The report states, according to the Tribune:
Racism and maltreatment at the hands of the police have been consistent complaints from communities of color for decades. False arrests, coerced confessions and wrongful convictions are also a part of this history. Lives lost and countless more damaged. These events and others mark a long, sad history of death, false imprisonment, physical and verbal abuse and general discontent about police actions in neighborhoods of color.
Then, there's this:
The community's lack of trust in CPD is justified. There is substantial evidence that people of color — particularly African-Americans — have had disproportionately negative experiences with the police over an extended period of time. There is also substantial evidence that these experiences continue today through significant disparate impacts associated with the use of force, foot and traffic stops and bias in the police oversight system itself.
The summary goes on to make a series of recommendations, including abolishing the Independent Police Review Authority — which internally investigates misconduct allegations — and the department "superintendent publicly acknowledging CPD's history of racial disparity and discrimination."
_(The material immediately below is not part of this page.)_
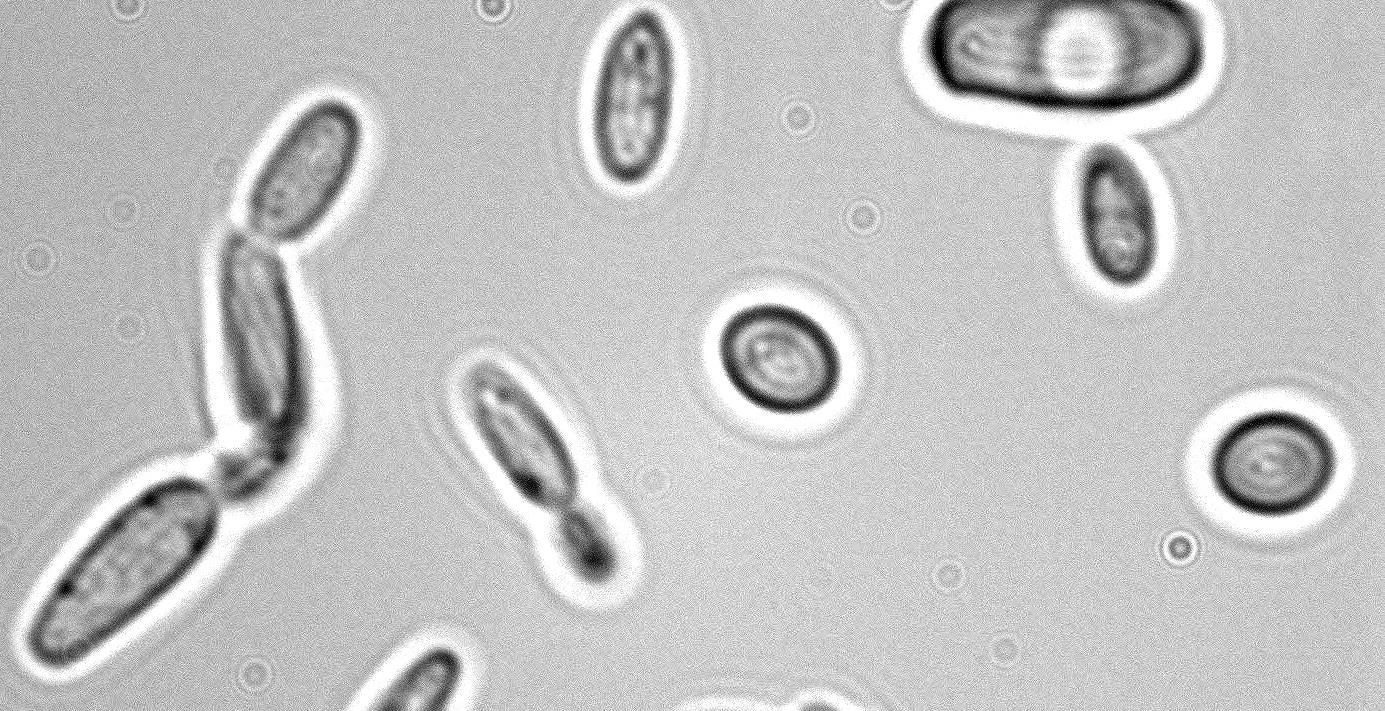 Kvasinka Dekkera bruxellensis. V pivovarnické, stejně jako vinařské branži, je její přítomnost krajně nežádoucí. Produktem jejího metabolismu je 4-etyl fenol a výsledkem  nemocniční aroma. (Kredit UC DAVIS)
And of course, that the Chicago Police Department is racist amounts to maybe the worst-kept secret in America: In the past six months, the Windy City has been all but upended by the release of video footage showing police officer Jason Van Dyke killing black 17-year-old Laquan McDonald, which prompted weeks of protests, the firing of former CPD superintendent Garry McCarthy and the eventual ouster at the polls of Anita Alvarez, the Cook County state's attorney who waited 400 days to charge Van Dyke with a crime.
But the department's problems go far beyond that. For the past half century, Chicago has been reeling from the aftershock left by Jon Burge, a former CPD commander who, between 1972 and 1991, orchestrated the torture and often-false imprisonment of more than 100 people, who were "virtually all" black. Burge's victims were awarded portions of a $5.5 million reparations fund set up for them by the city in April 2015 — a sum that adds to the $500 million Chicago has spent on legal costs stemming from police misconduct in the last 10 years.
And that's just the splashy stuff. The full report is expected as early as this week, but meanwhile, the Chicago Police Department is racist, water is wet, fire is hot and ice is cold.